If you had $1,000 for the Go community, what would you spend it on?

Aggressive marketing. Here is my idea:
You get your best younger player and you advertise “win 1000 dollars by winning at Go against this kid. You have 1 week. Your time starts NOW” you know Taskmaster style … that would get people talking about the local Go club, for sure … plus you won’t lose any money, cause noone can learn to play Go and win in a week :wink:

So, you’ll still have money to run this scheme for next month too. Neat huh? :stuck_out_tongue:

@Gia

and we end up with lots of dreaming and no doing.

It is the good old clash of world-views. The “all or nothing” people vs the “whatever-it-is-good-enough” kind of fellows. Both ideas have their merits, though.

@Cchristina

Go players try too much to imitate Chess players.
It makes me want to learn to play Chess instead.

It is a good thing then that they are such different games :slight_smile:
A good thing that could be marketed is how different and, in a sense, easier, Go is to have fun while being in a meaningful ranking.

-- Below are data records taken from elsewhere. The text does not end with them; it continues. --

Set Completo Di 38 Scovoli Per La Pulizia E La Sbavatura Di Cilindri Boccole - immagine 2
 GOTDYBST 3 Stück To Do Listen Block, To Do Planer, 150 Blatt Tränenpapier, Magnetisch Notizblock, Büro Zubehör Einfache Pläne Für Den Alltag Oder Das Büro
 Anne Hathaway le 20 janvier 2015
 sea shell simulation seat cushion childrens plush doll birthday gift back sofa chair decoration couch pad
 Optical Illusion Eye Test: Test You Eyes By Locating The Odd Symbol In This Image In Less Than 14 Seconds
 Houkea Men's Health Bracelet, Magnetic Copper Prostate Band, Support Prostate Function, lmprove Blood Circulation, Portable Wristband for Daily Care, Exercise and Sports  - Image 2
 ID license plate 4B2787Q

I used to be good at chess when I was a kid, but never studied for it (chess needs a LOT of memorization, which I despise), but what was good for my place, was really nothing against a player of mediocre elo of 1200 with basic memorization skills and formal openings.
To even hold a 1200 elo rank in chess needs books upon books of reading and learning.
Not so much in Go, apparently, if that link is to be believed, because 1200 elo in Go is practically 10k, which a kid can reach with minimal studying, in comparison to chess.

So, if anything, sometimes we should aim for the differences.